Madrid 80-90: los años en que todos éramos de Madrid
El Madrid de los ochenta y noventa era una ciudad que acababa de despertar del miedo. Aún olía a humo de taberna, a Ducados y a colonia barata, pero respiraba una libertad nueva, sin manual de instrucciones. La gente se miraba a los ojos con la curiosidad de quien no teme nada. Era un Madrid que no tenía prisa por ser moderno porque ya lo era sin proponérselo.
Pepe y la vida bien entendida
Mi hermano Pepe fue el mejor ejemplo de lo que significaba vivir en aquella ciudad. Tenía un instinto infalible para disfrutar y para cuidar a los demás. No necesitaba grandes planes: bastaba una mesa en Roma, un aperitivo en Narváez o unas gambas en Jurucha. Sabía que la felicidad se medía en conversaciones, no en resultados. Tenía esa sabiduría que ahora llamaríamos “soft skills”, pero que entonces era puro arte andaluz: mirar, escuchar, hacer sentir bien.
Los onubenses
Junto a él estaban Rafi y Leoncio, también onubenses. Eran mitad emigrantes, mitad aristócratas de sí mismos. Tenían el salero del sur, pero sin la caricatura. Eran finos, alegres y con una inteligencia natural para moverse en cualquier ambiente. De derechas a la hora del aperitivo y de izquierdas a medianoche en las Cuevas de Sésamo. Esa mezcla —tan madrileña— de elegancia y desparpajo, de ironía y ternura, la inventaron ellos.
Y en esa misma tropa estaban Perico y el Buly, onubenses también, más de barra que de tertulia, con ese punto canalla que da autenticidad a cualquier grupo. Sabían reírse de todo, sobre todo de sí mismos. En un tiempo en que la gente todavía no se ofendía por deporte, ellos eran la vacuna contra la solemnidad.
Los gallegos
Los hermanos García Poveda completaban el cuadro. Gallegos pijos, pero con una inteligencia socarrona y una ironía seca que convertía cualquier conversación en un duelo de ingenio. Si los andaluces aportaban la alegría, los gallegos ponían el equilibrio: medían, escuchaban, y luego soltaban una frase corta que valía por un tratado. Eran la prueba de que se podía ser elegante sin parecerlo, cosmopolita sin dejar de ser de aldea.
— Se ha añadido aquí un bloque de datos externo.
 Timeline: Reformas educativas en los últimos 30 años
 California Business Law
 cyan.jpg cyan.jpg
Los templos del Madrid alegre
Nos movíamos entre templos paganos: Richelieu y Tartufo, donde los aspirantes a élite se tomaban una copa creyendo que el mundo les pertenecía, y donde a veces lo parecía. El Avión, donde las noches se volvían infinitas, y las Cuevas de Sésamo, donde la izquierda bohemia y la derecha curiosa se reconciliaban entre vasos de vino y filosofía improvisada.
Roma, Narváez, Jurucha... lugares donde se hacía política de barra y amistad de sobremesa. Sitios que ya no existen o que existen sin alma, como decorados después del rodaje.
La ciudad mestiza
Madrid era entonces un territorio neutral. Nadie preguntaba de dónde venías, sino si sabías reírte, si tenías conversación, si sabías pedir bien una copa. Andaluces, gallegos, castellanos, vascos… todos se volvían madrileños al caer la tarde. La capital era una mezcla improbable entre el casticismo de Chamberí y la sofisticación importada de los primeros vuelos baratos a Londres o París.
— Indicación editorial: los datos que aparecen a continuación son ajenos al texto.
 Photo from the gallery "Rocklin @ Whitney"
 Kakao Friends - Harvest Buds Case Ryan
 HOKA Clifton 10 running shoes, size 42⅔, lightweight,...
Se podía ser “pijo” y “rojo” sin que eso fuera una contradicción. Había una libertad que no venía de la política, sino de la vida cotidiana.
El Madrid de hoy
El Madrid de hoy, tan cosmopolita como la España ilustrada del siglo XVIII, hereda aquel casticismo sin complejos de los 90. Ahora los bares tienen nombres en inglés y las terrazas sirven sushi, pero en el fondo sigue latiendo la misma ciudad: alegre, sarcástica, protectora de los suyos. Esa mezcla de chulería y generosidad que solo existe aquí.
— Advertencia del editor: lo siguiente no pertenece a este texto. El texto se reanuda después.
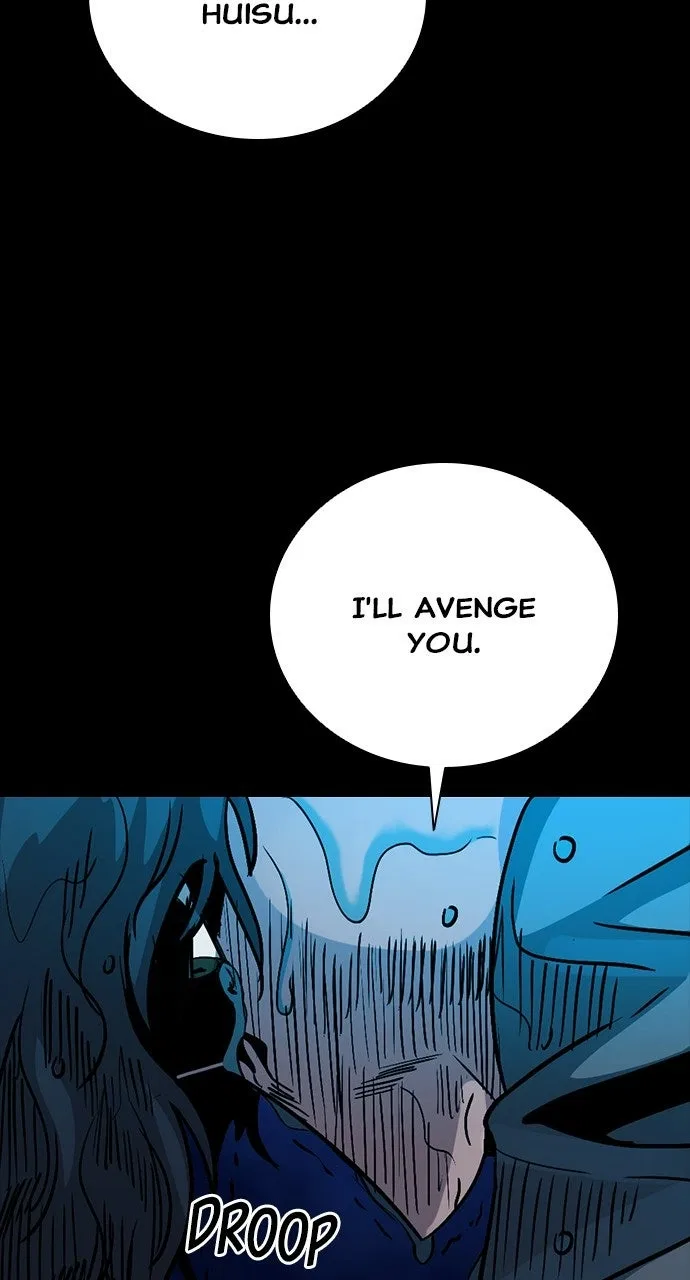 Worst Generation Chapter 43 – Page 90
Hoy todo es más rápido, más caro, más fotogénico. Pero debajo del ruido todavía se escucha el eco de aquellas risas, el tintineo de los vasos en Richelieu, las tertulias de Sésamo, la carcajada de Pepe y la mirada sabia de Rafi.
A veces basta con sentarse en una barra cualquiera, pedir un vermut y mirar alrededor: Madrid sigue ahí, disfrazado de modernidad pero con el alma intacta.
Porque, al final, todos éramos de Madrid. Aunque viniéramos de Huelva, de Galicia o de ningún sitio. Y quizá eso, más que la movida, fue el verdadero milagro de aquella época.